▶ **Task details**: Say how many lines of the listing below include the word "from", with no other output.

▶ **Data in this exercise**:

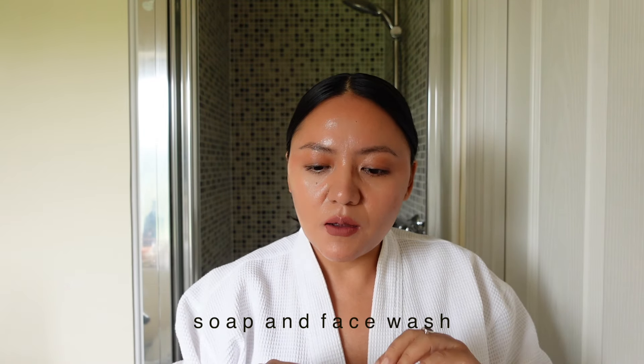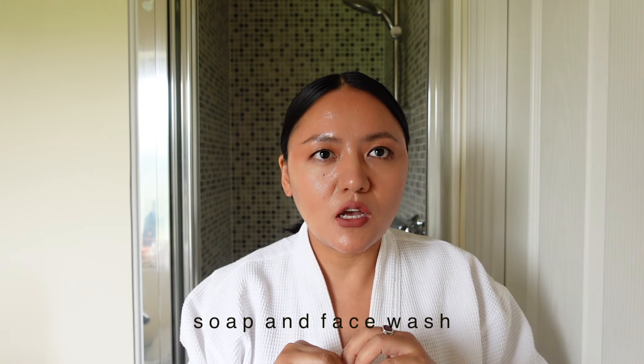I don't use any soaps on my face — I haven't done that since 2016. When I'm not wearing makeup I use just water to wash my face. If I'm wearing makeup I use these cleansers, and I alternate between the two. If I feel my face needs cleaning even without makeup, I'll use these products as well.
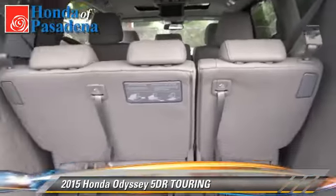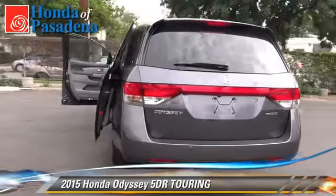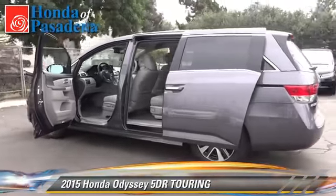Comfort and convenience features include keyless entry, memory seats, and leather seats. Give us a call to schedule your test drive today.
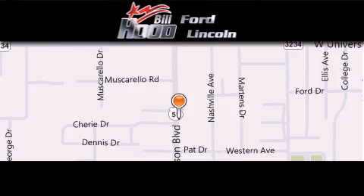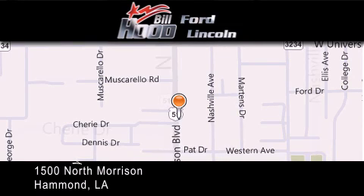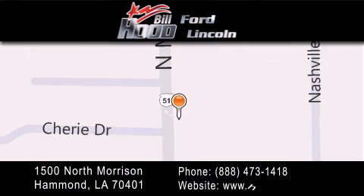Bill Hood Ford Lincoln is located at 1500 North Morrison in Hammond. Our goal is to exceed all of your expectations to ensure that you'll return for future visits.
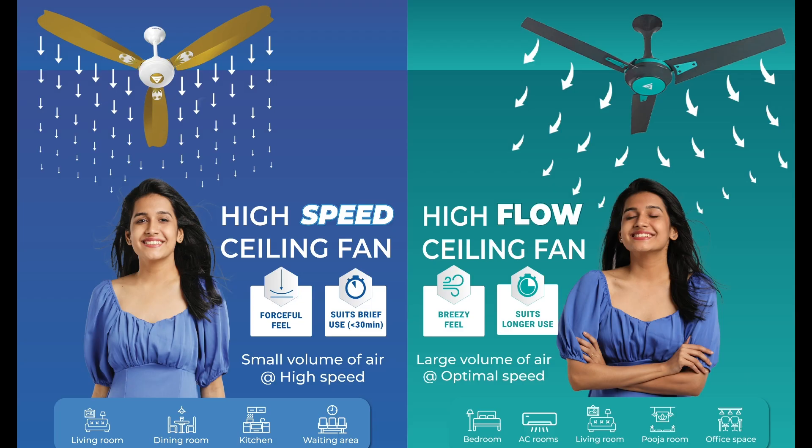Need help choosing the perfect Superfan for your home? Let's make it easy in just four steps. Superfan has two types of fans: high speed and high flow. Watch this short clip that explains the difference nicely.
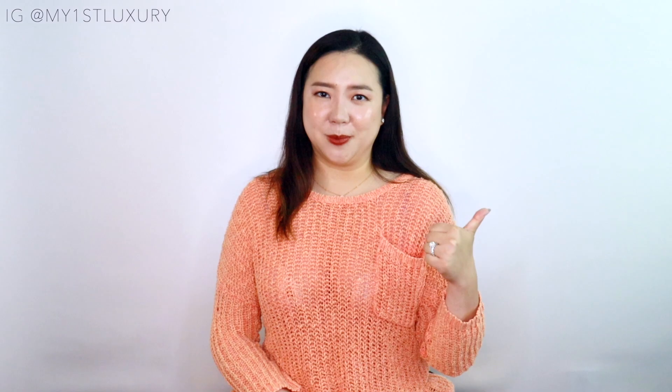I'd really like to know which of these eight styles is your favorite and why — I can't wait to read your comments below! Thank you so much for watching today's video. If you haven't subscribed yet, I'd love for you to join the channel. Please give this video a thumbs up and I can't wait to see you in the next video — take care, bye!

* * *

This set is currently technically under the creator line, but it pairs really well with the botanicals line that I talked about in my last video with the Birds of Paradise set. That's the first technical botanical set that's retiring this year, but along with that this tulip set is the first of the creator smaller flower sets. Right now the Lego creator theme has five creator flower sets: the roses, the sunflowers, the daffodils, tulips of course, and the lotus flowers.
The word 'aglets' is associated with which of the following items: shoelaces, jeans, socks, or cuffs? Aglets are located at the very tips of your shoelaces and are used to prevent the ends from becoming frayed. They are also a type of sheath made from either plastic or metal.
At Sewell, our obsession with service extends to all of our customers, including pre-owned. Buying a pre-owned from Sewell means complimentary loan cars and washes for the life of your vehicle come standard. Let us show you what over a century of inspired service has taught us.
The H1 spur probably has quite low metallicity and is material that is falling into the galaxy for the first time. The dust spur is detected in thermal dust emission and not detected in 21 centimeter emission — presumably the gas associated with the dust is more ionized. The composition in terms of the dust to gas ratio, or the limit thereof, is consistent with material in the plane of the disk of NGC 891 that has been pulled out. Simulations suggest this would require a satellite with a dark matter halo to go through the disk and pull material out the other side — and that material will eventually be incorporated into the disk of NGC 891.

▶ **Exercise output**: 2